Experts warn of elevated wildfire risk in Alberta this fall | Insurance Business Canada

Experts warn of elevated wildfire risk in Alberta this fall

Experts have warned that dry and hot weather conditions in Alberta are elevating the risk of wildfires in Alberta – and they are expected to last long after the province’s wildfire season ends.

Alberta’s wildfire activity has been mounting over the past few weeks, fueled by high temperatures, dry spells, and the occasional lightning strikes.

"We're seeing this pattern extend well into September and maybe even beyond," Thompson Rivers University wildland fire professor and Canadian Forest Service senior research scientist Mike Flannigan told CBC News.

Flannigan mentioned that although long-term forecasts should be taken with a grain of salt, Alberta should be ready to extend its wildfire season for an “active fall,” while keeping fire crews on standby.
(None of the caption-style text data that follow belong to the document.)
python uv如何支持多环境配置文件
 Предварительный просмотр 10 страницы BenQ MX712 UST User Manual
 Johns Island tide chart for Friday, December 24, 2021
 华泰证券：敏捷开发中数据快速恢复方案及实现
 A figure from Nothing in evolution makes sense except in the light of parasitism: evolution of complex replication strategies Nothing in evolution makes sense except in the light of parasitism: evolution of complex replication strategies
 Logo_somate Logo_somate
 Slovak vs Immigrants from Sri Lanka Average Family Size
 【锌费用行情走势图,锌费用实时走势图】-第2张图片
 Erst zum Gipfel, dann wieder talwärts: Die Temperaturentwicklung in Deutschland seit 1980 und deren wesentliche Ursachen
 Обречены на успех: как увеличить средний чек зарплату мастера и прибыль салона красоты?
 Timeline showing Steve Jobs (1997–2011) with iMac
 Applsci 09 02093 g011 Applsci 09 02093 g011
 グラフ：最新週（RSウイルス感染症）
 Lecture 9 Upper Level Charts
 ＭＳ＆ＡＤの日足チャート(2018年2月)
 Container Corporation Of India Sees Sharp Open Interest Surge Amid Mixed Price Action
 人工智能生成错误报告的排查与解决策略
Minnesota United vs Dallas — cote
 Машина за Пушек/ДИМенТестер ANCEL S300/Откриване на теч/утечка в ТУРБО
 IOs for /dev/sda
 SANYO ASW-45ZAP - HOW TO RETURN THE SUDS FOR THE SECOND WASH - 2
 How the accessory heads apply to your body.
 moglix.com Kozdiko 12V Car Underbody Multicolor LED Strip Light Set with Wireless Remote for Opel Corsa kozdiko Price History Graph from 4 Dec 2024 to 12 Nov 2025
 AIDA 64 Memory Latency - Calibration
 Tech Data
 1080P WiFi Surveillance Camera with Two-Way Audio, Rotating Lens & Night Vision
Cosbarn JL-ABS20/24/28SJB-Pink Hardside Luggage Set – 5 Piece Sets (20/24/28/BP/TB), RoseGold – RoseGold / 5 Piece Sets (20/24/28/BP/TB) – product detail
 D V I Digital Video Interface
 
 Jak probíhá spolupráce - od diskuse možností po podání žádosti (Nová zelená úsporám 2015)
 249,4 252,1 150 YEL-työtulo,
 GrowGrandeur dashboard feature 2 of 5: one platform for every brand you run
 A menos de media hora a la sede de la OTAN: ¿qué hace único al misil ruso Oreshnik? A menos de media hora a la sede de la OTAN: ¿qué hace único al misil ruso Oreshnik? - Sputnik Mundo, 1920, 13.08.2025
"As long as this hot, dry weather continues, fire is going to be a problem. And if we get some wind events, fire could be a real problem."

The professor noted that most provinces have legislated end-dates for their respective fire seasons but will extend contracts for seasonal workers and even call in for help from other provinces as needed. But Flannigan also recommended that as wildfire seasons appear to grow longer, it is becoming more important for provincial governments to manage their resources.

"We have seen fires in every month of the year," the scientist said. "If you've got dry fuels and hot, dry, windy conditions, regardless of the month, you're at risk."

Environment Canada meteorologist Natalie Hasell has added that drought-like conditions have been observed in the Prairies, leaving some communities in central and northern Alberta at high risk for fires.

"The forecast is not calling for any precipitation," said Hasell. "It doesn't look like the forest fire situation is going to be over anytime soon."

Alberta’s fire season traditionally runs from March 01 to October 31.